Alaric looked thoughtful. “I think it’s also to do with who his father was.”

“His father was a villain?”

“Of the first order. But… Earl Lucan was never that. He reviles his father’s memory, though there were incidents when he too showed a crueller side.” The lad paused to get his memories in order. “When I was very young — just a child really — I was kept as a slave at Tower Rock Keep, which was held by Baelgron, a robber baron of the Northern March. He used me as a climbing-boy for his chimneys. He and his knights lived by pillage, but they weren’t so foolish as to pillage in Arthur’s lands. They raided across the border into Rheged, where their depredations were merciless. Many complaints were made by King Owain of Rheged. At length, Arthur ordered Earl Lucan, as Steward of the North, to censure the miscreant. Lucan did as required. He assembled his host and invested Tower Rock Keep. Baelgron was happy to surrender, for he had committed no crime in Albion. But when Lucan announced his intent to extradite the criminals across the border to Rheged, there was an outcry; Archbishop Valiance of York threatened dire consequences if Christians were handed to pagans for justice.
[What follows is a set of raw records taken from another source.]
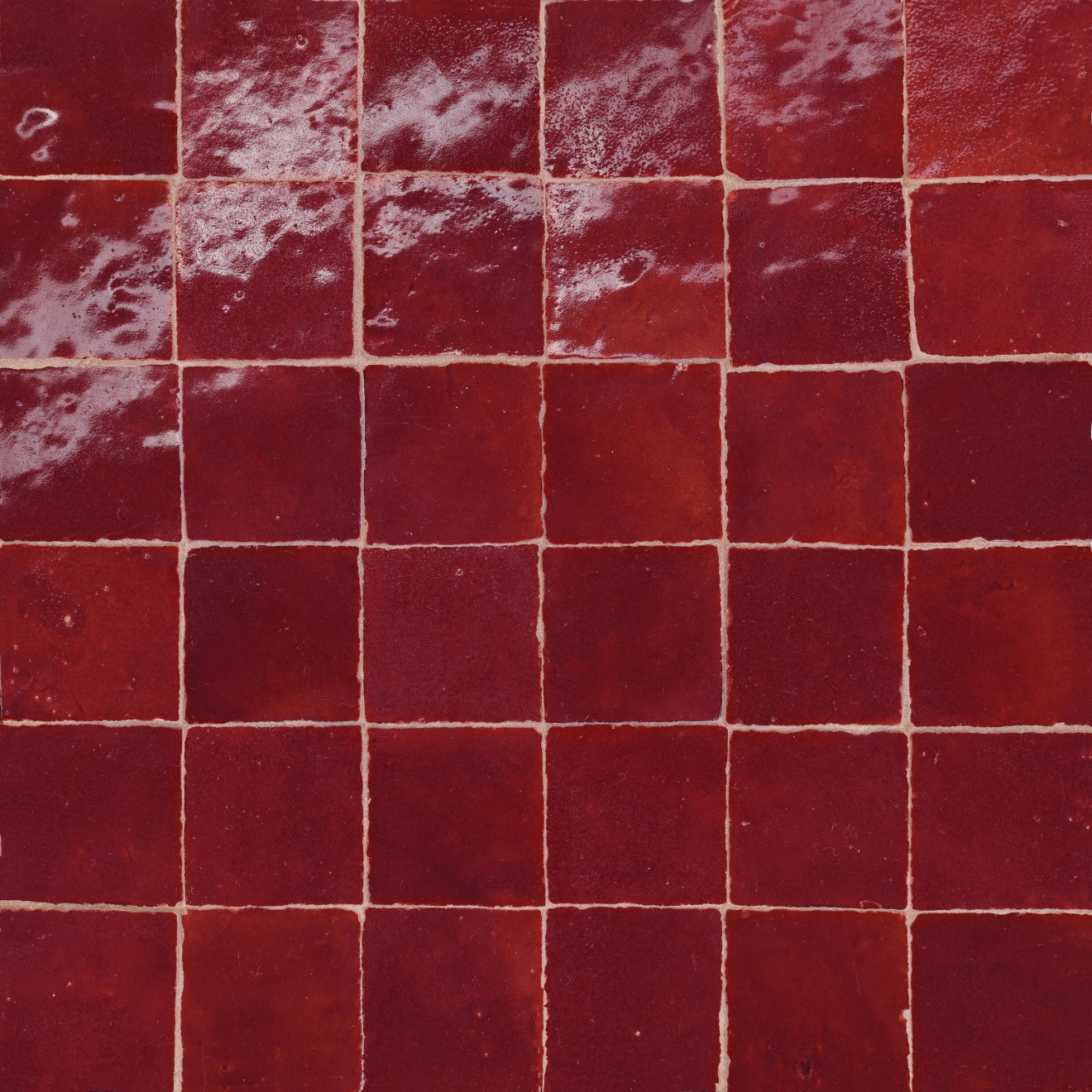 Zagora 2x2 Mosaic Rouge Gloss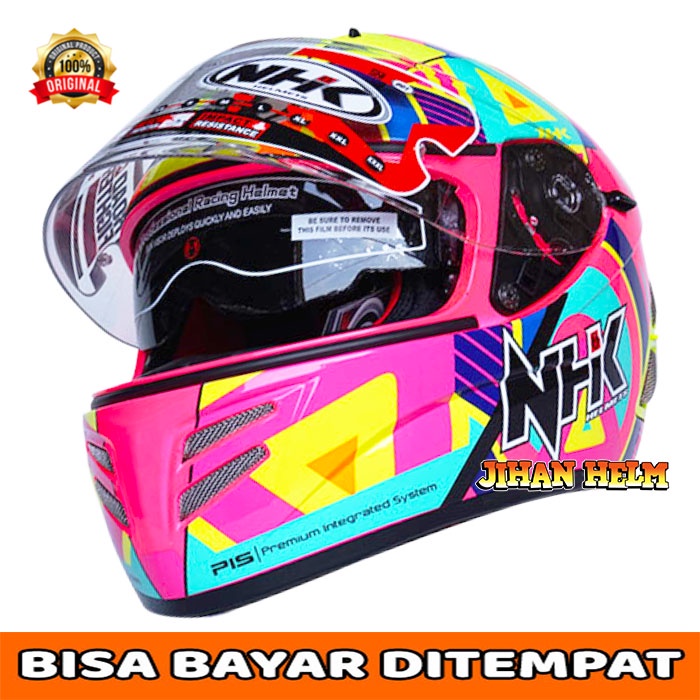Helm / Helm Dewasa Full Face / Helm NHK TERMINATOR PIGMENT PINK FLOU ORIGINAL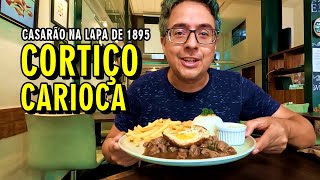 Almoço completo no Restaurante Cortiço Carioca na Lapa Casarão de 1895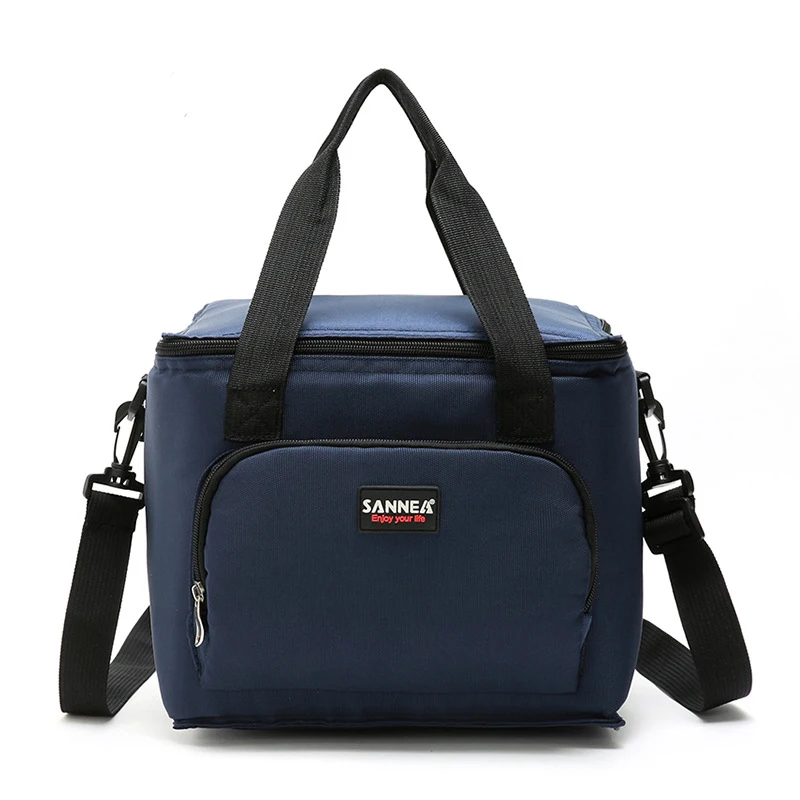 

New printed beach portable picnic box Oxford cloth insulated bag double layer lunch portable lunch cooler ice bag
“Earl Lucan thus sent a message to King Owain, who assembled his court on the northwest side of the border. Then Earl Lucan took his prisoners, Baron Baelgron included, to the southeast side — and beheaded them. Thirty men in total. Because his vassals feared excommunication, Earl Lucan wielded the blade himself. He used his own battle-sword — Heaven’s Messenger. Satisfied, King Owain and his entourage went home again.”

Maximion’s eyebrows rose. “That was an extreme resolution.”